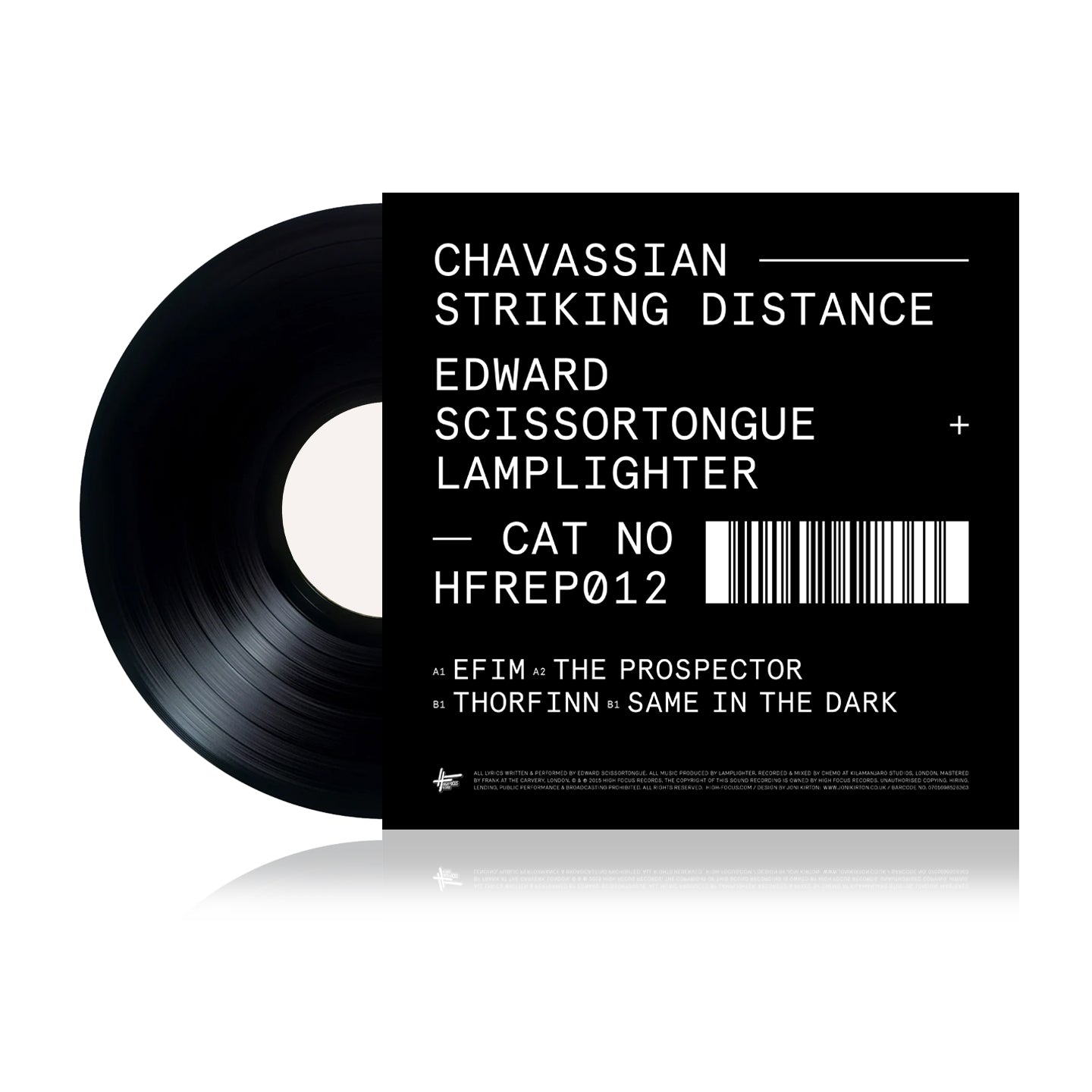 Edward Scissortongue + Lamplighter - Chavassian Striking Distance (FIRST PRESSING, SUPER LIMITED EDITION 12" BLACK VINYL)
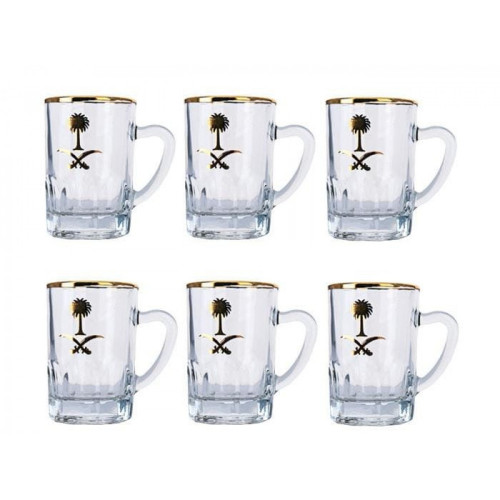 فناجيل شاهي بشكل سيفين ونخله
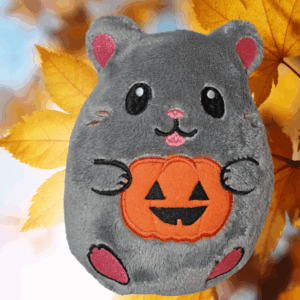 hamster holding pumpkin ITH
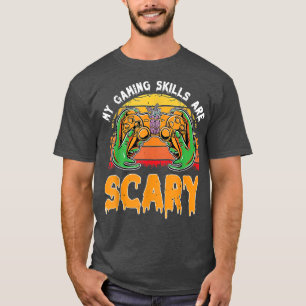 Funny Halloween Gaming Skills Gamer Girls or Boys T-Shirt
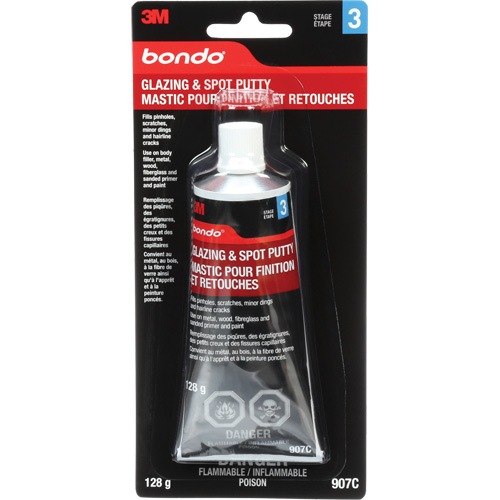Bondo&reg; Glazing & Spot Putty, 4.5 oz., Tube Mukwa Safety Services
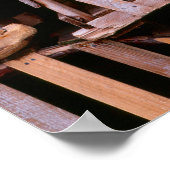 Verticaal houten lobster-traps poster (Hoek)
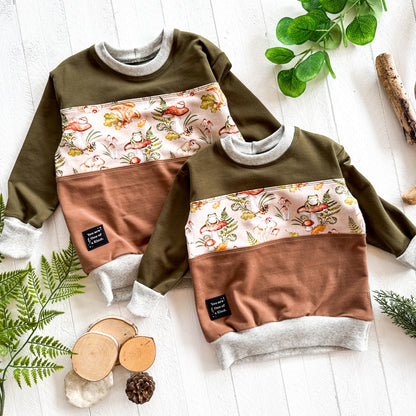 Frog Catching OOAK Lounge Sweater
◆ ◆ ◆
WORK TO BE COMPLETED
Starting with the line that contains "hamster holding pumpkin ITH", reproduce every line to the end of the material above, both end lines included, exactly and with no pictures.

EXERCISE RESPONSE
 hamster holding pumpkin ITH
 Funny Halloween Gaming Skills Gamer Girls or Boys T-Shirt
Bondo&reg; Glazing & Spot Putty, 4.5 oz., Tube Mukwa Safety Services
 Verticaal houten lobster-traps poster (Hoek)
 Frog Catching OOAK Lounge Sweater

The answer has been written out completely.